§ What to work on
Go through the records and transcribe them exactly, passing over any picture.

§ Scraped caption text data
▬▬▬▬▬▬▬▬▬▬

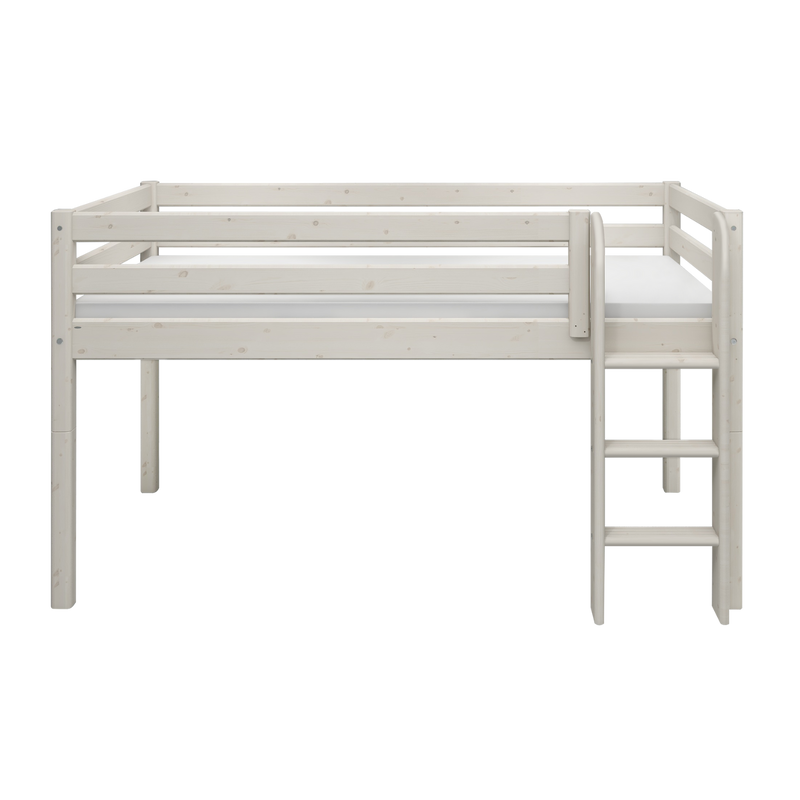 Mid-high Bed with Safety Rails and Straight Ladder, 90x200 cm, White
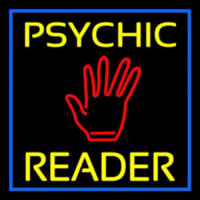Yellow Psychic Reader Blue Border Neonskylt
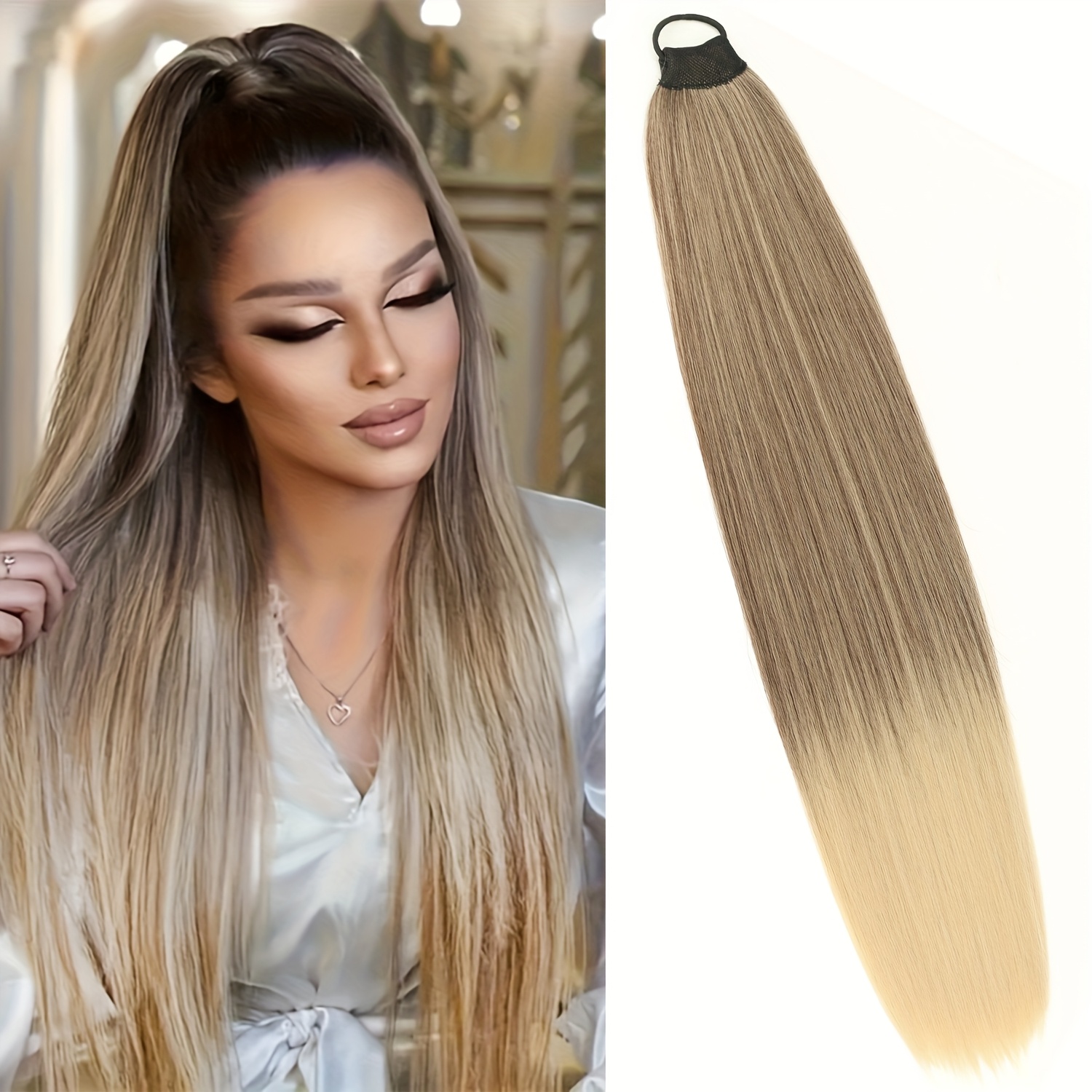 Synthetic Long Straight Hair With Elastic Band Ponytail Heat Resistant Ponytail Hair Extensions For Women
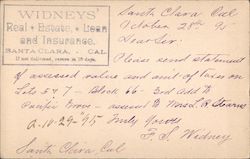 Widney's Real Estate Loan and Insurance Postcard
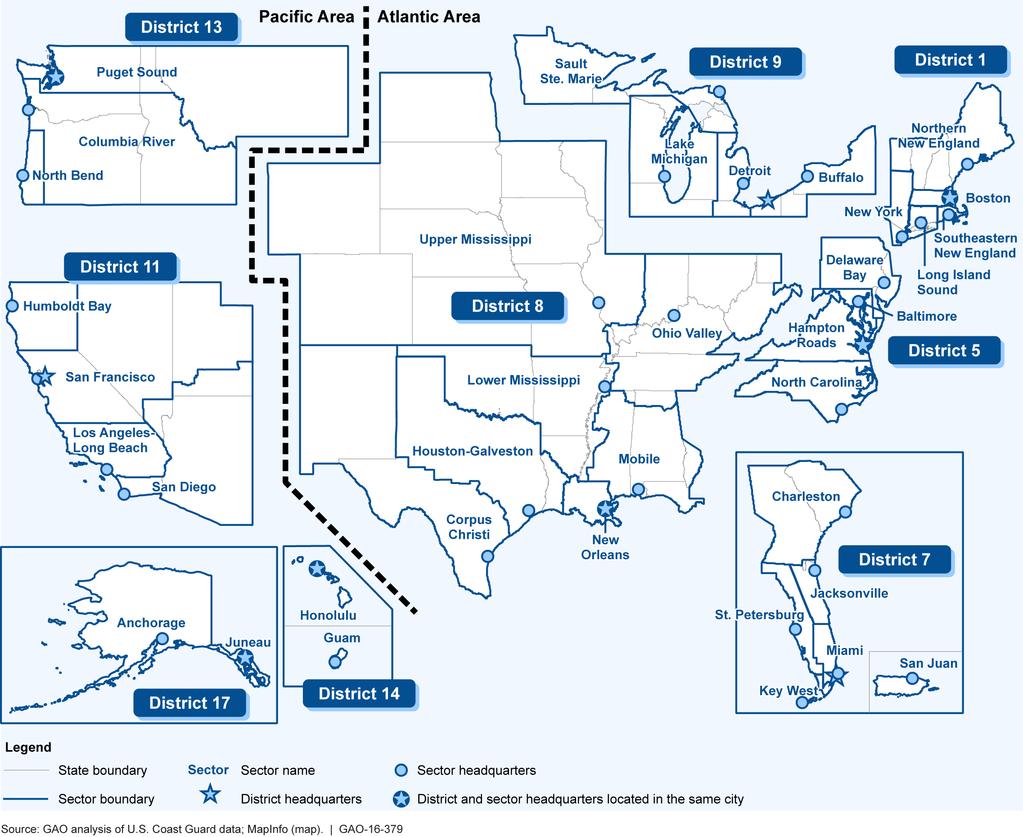 Figure 1: Map Showing the Coast Guard s Two Area Commands, Nine Districts, and 37 Sectors Note: This figure is not to scale and the nine Coast Guard districts are not numbered sequentially.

▬▬▬▬▬▬▬▬▬▬

§ Task output
 Mid-high Bed with Safety Rails and Straight Ladder, 90x200 cm, White
Yellow Psychic Reader Blue Border Neonskylt
 Synthetic Long Straight Hair With Elastic Band Ponytail Heat Resistant Ponytail Hair Extensions For Women
 Widney's Real Estate Loan and Insurance Postcard
 Figure 1: Map Showing the Coast Guard s Two Area Commands, Nine Districts, and 37 Sectors Note: This figure is not to scale and the nine Coast Guard districts are not numbered sequentially.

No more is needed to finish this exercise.